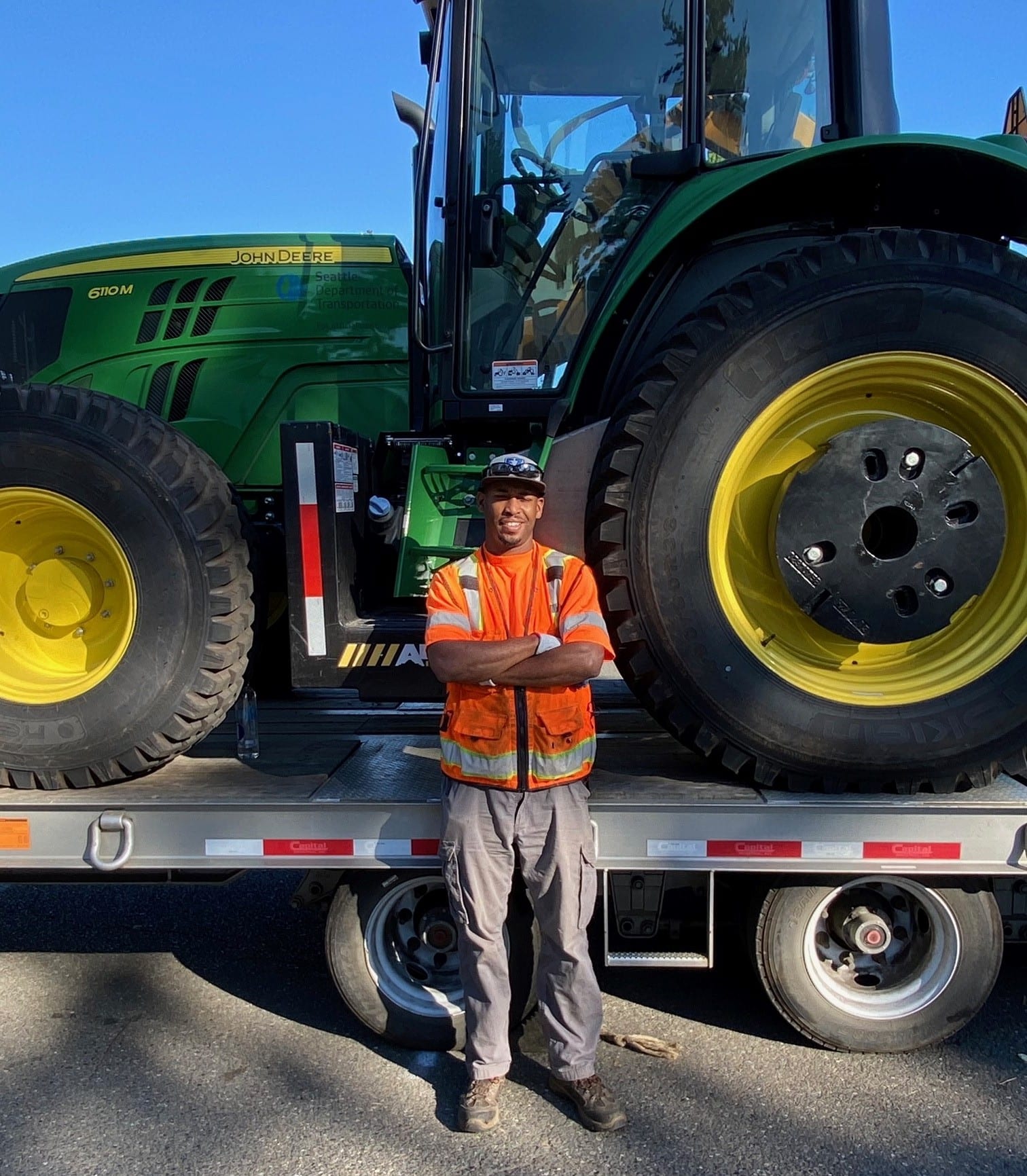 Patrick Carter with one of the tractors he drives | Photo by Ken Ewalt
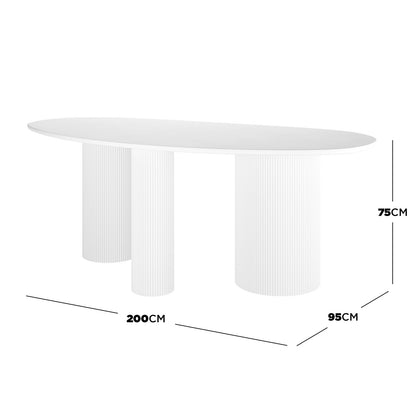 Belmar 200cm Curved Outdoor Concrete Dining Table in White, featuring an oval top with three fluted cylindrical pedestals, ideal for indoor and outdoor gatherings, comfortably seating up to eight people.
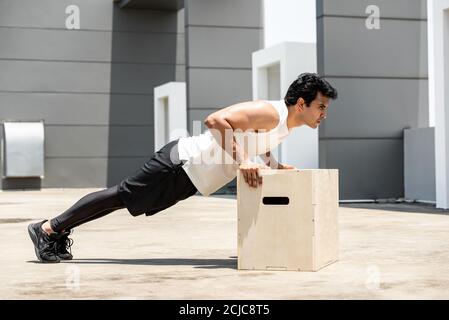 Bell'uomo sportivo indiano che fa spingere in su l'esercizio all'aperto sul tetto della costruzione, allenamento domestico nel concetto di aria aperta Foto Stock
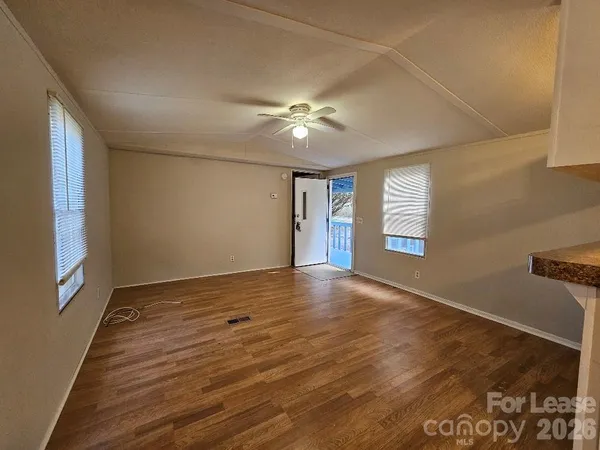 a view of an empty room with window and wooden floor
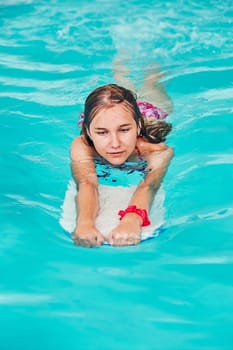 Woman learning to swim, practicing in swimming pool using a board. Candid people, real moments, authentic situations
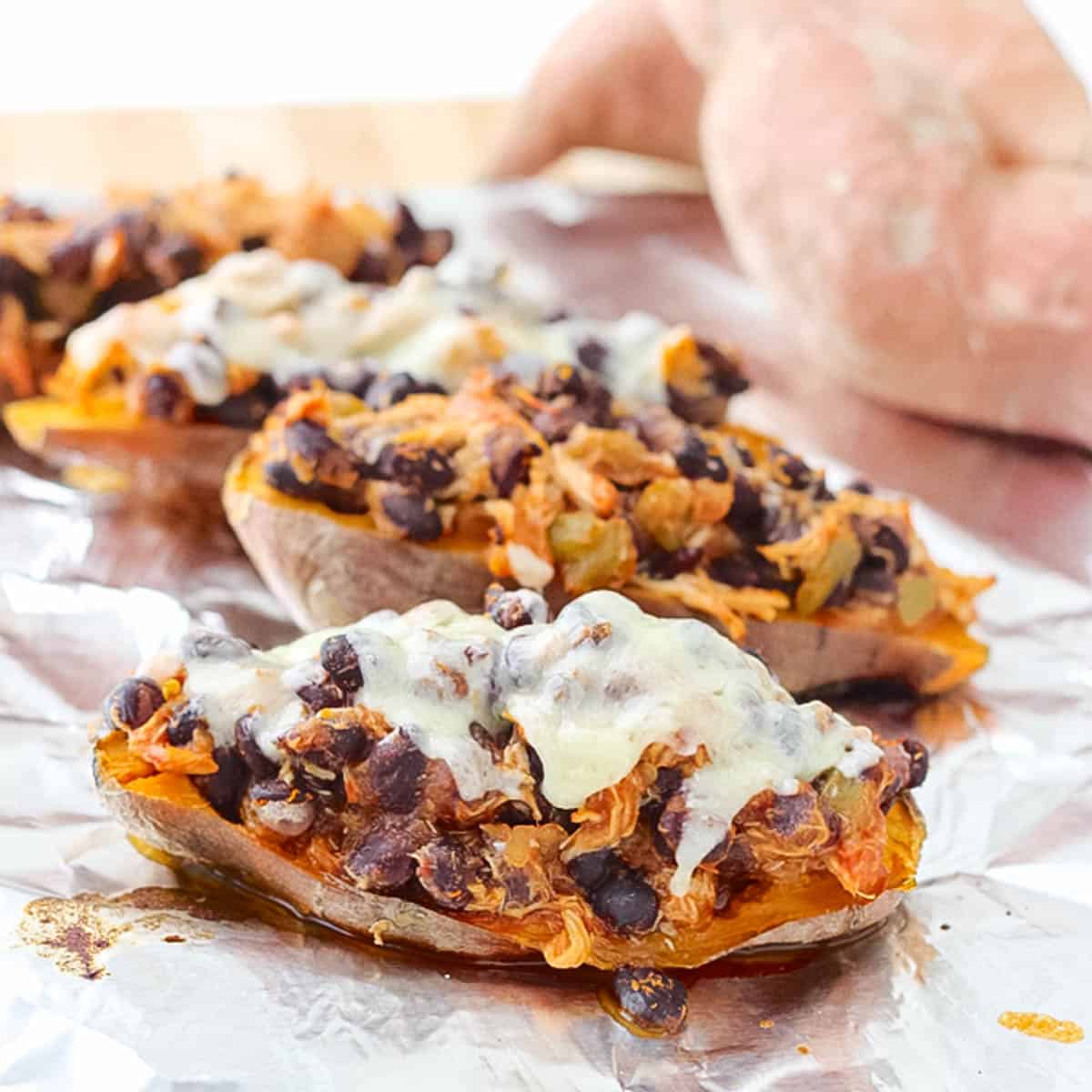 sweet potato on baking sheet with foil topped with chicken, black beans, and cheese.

● ● ●

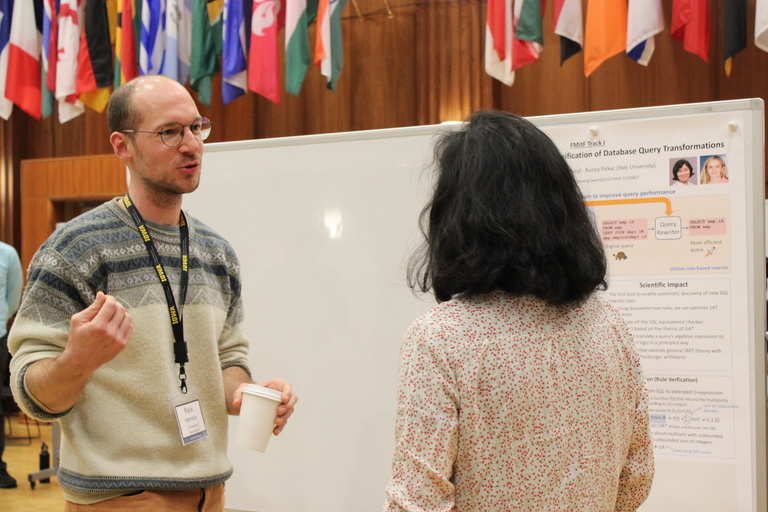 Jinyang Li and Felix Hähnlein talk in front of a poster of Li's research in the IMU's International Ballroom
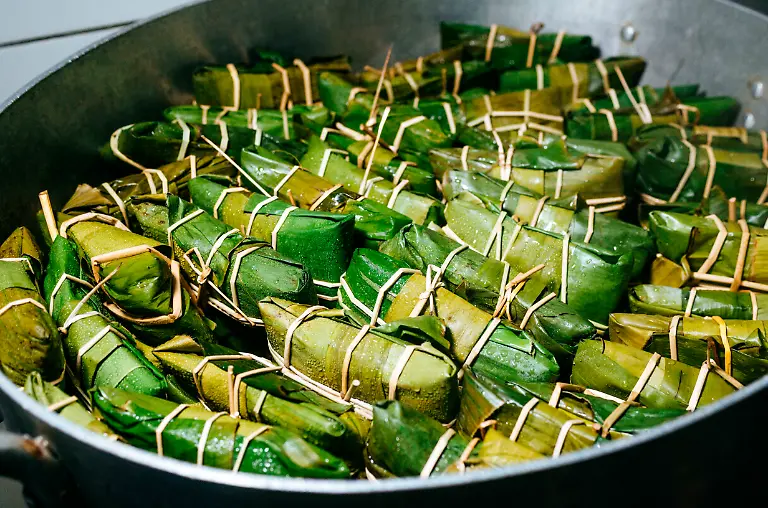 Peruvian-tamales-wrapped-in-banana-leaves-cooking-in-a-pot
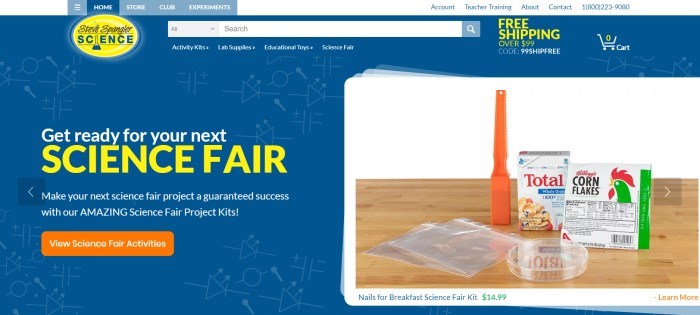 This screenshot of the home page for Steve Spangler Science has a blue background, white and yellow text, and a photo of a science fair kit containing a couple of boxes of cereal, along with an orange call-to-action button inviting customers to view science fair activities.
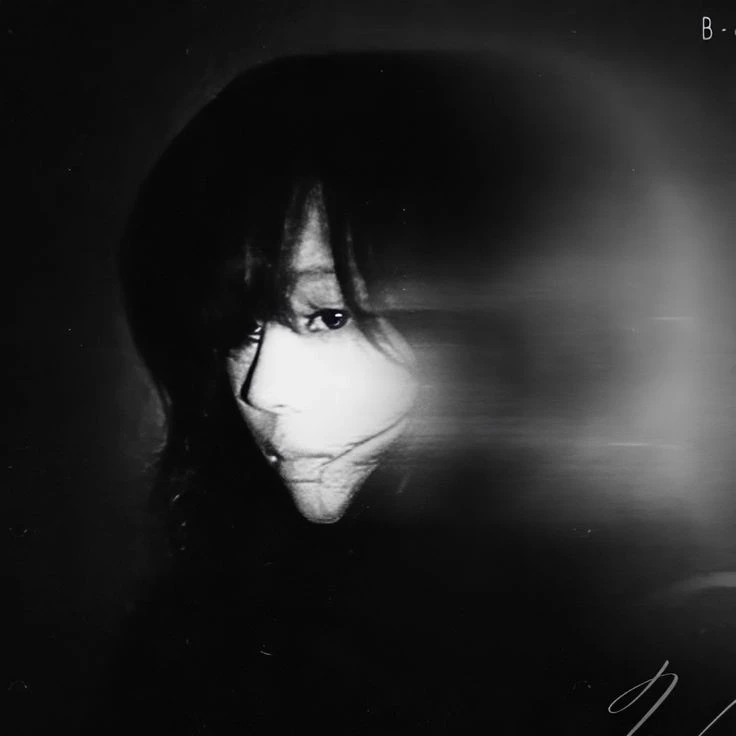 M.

● ● ●

## PROBLEM TO WORK ON
Reproduce the data above exactly, but only from the line containing "Patrick Carter with" through the line containing "Belmar 200cm Curved"; skip the pictures.

## ANSWER BOX
 Patrick Carter with one of the tractors he drives | Photo by Ken Ewalt
 Belmar 200cm Curved Outdoor Concrete Dining Table in White, featuring an oval top with three fluted cylindrical pedestals, ideal for indoor and outdoor gatherings, comfortably seating up to eight people.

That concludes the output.